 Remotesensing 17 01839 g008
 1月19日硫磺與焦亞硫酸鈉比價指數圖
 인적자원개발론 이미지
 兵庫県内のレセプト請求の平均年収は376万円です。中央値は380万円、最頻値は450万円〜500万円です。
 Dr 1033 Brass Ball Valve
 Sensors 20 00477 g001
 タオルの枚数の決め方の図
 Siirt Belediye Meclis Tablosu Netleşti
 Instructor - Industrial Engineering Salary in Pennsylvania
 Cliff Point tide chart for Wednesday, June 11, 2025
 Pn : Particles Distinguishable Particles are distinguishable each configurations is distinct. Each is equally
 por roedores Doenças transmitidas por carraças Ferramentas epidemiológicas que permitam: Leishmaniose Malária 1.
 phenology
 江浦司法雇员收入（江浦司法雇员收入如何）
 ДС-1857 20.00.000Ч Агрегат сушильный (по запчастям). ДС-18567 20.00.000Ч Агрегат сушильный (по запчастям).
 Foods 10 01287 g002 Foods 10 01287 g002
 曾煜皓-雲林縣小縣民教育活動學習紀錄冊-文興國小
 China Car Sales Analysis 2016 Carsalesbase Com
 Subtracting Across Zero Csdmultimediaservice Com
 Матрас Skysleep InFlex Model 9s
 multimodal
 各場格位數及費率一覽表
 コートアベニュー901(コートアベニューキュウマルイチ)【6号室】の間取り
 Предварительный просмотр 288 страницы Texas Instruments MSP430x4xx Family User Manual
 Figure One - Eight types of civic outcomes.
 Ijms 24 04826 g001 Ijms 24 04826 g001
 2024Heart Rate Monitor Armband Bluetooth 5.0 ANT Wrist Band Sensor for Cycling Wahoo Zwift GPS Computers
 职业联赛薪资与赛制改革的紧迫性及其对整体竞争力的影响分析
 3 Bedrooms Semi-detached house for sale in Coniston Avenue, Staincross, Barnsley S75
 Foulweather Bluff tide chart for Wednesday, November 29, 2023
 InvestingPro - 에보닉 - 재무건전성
────────
> **Exercise objective**: From the first line down to the last, give the records again exactly.

> **Answer box**:
 Remotesensing 17 01839 g008
 1月19日硫磺與焦亞硫酸鈉比價指數圖
 인적자원개발론 이미지
 兵庫県内のレセプト請求の平均年収は376万円です。中央値は380万円、最頻値は450万円〜500万円です。
 Dr 1033 Brass Ball Valve
 Sensors 20 00477 g001
 タオルの枚数の決め方の図
 Siirt Belediye Meclis Tablosu Netleşti
 Instructor - Industrial Engineering Salary in Pennsylvania
 Cliff Point tide chart for Wednesday, June 11, 2025
 Pn : Particles Distinguishable Particles are distinguishable each configurations is distinct. Each is equally
 por roedores Doenças transmitidas por carraças Ferramentas epidemiológicas que permitam: Leishmaniose Malária 1.
 phenology
 江浦司法雇员收入（江浦司法雇员收入如何）
 ДС-1857 20.00.000Ч Агрегат сушильный (по запчастям). ДС-18567 20.00.000Ч Агрегат сушильный (по запчастям).
 Foods 10 01287 g002 Foods 10 01287 g002
 曾煜皓-雲林縣小縣民教育活動學習紀錄冊-文興國小
 China Car Sales Analysis 2016 Carsalesbase Com
 Subtracting Across Zero Csdmultimediaservice Com
 Матрас Skysleep InFlex Model 9s
 multimodal
 各場格位數及費率一覽表
 コートアベニュー901(コートアベニューキュウマルイチ)【6号室】の間取り
 Предварительный просмотр 288 страницы Texas Instruments MSP430x4xx Family User Manual
 Figure One - Eight types of civic outcomes.
 Ijms 24 04826 g001 Ijms 24 04826 g001
 2024Heart Rate Monitor Armband Bluetooth 5.0 ANT Wrist Band Sensor for Cycling Wahoo Zwift GPS Computers
 职业联赛薪资与赛制改革的紧迫性及其对整体竞争力的影响分析
 3 Bedrooms Semi-detached house for sale in Coniston Avenue, Staincross, Barnsley S75
 Foulweather Bluff tide chart for Wednesday, November 29, 2023
 InvestingPro - 에보닉 - 재무건전성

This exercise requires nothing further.